Problem details:
Line by line, retype the whole listing exactly.
======== The data
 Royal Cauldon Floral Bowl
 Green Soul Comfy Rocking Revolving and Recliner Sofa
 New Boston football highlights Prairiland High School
================
Exercise answer:
 Royal Cauldon Floral Bowl
 Green Soul Comfy Rocking Revolving and Recliner Sofa
 New Boston football highlights Prairiland High School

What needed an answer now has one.